All of us get multiple calls day and night we neither process nor remember.

I said, “The pattern of when he hits makes me wonder if he has a job outside of the home, if he goes to work somewhere Monday through Friday. Throughout the week his stress builds. Late Friday night or after midnight, he hits. If he’s using a borax soap twenty times a day, then it isn’t likely this is something he has in his household bathroom. Hand soaps you buy at your local grocery store don’t contain borax, to my knowledge. If he’s washing up with borax soap, I suspect he’s doing so at work.”

“We’re sure it’s borax?” Wesley asked.

“The labs determined it through ion chromatography. The glittery residue we’ve been finding on the bodies contains borax. Definitely.”

Wesley considered this for a moment. “If he’s using borax soap on the job and gets home at five, it’s not likely he’d have such a buildup of this glittery residue at one o’clock in the morning.
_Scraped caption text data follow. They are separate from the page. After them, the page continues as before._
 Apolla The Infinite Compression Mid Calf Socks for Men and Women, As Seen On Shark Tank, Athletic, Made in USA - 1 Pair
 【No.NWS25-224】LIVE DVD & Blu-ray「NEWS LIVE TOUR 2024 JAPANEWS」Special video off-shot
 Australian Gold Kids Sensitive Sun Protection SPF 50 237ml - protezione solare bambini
He may work an evening shift. There’s borax soap in the men’s room. He gets off sometime before midnight, one A.M., and goes straight to the victim’s residence.”
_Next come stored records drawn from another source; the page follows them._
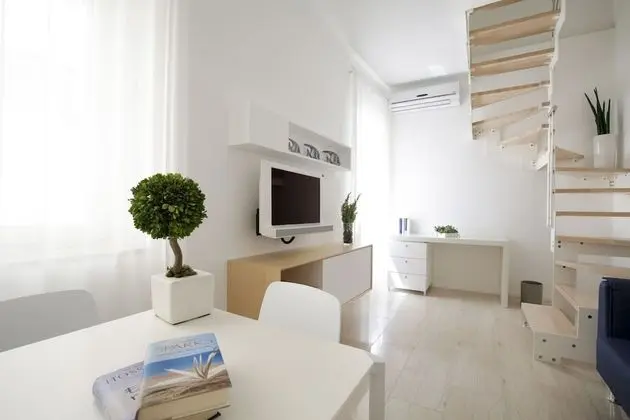 Luxury Dubleks, 1 Büyük (Queen) Boy Yatak ve Çekyat, Sigara İçilmez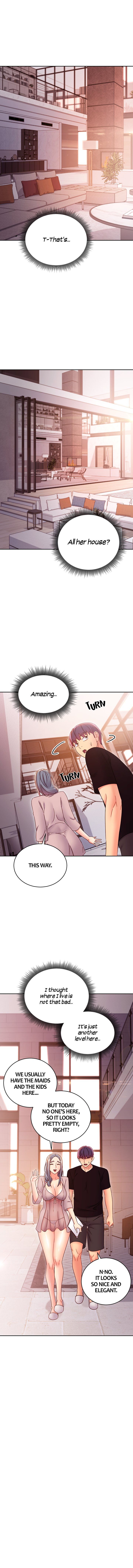 My Stepmother's Friends Manhwa - Chapter 80 Page 12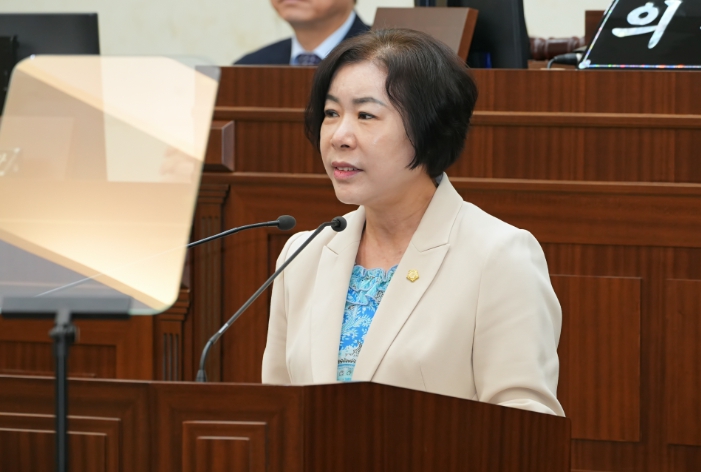 안동시의회 김정림 의원, 제260회 임시회 5분 자유발언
The scenario was more than plausible, I explained. If the killer worked at night, this gave him ample opportunity during the day while the rest of the world was at work to cruise through the neighborhood of his next victim and look over the area. He could drive by again late, maybe after midnight, to take another look. The victims were either out or asleep, as were most of their neighbors. He wasn’t going to be seen.

What night jobs involve the telephone?

We batted that around for a while.

“Most telephone solicitors call right in the middle of the dinner hour,” Wesley said. “It seems to me it’s unusual for them to call much later than nine.”

We agreed.

“Pizza deliverers,” Marino proposed. “They’re out all hours. Could be it’s the drone who takes the call. You dial up and the first thing the operator asks is your phone number. If you’ve ever called before, your address pops up on the computer screen. Thirty minutes later some squirrel’s at your door with a pepperoni-hold-the-onions. It could be the delivery guy who figures out in a hurry he’s got some woman who lives alone. Maybe it’s the operator. He likes her voice, knows her address.”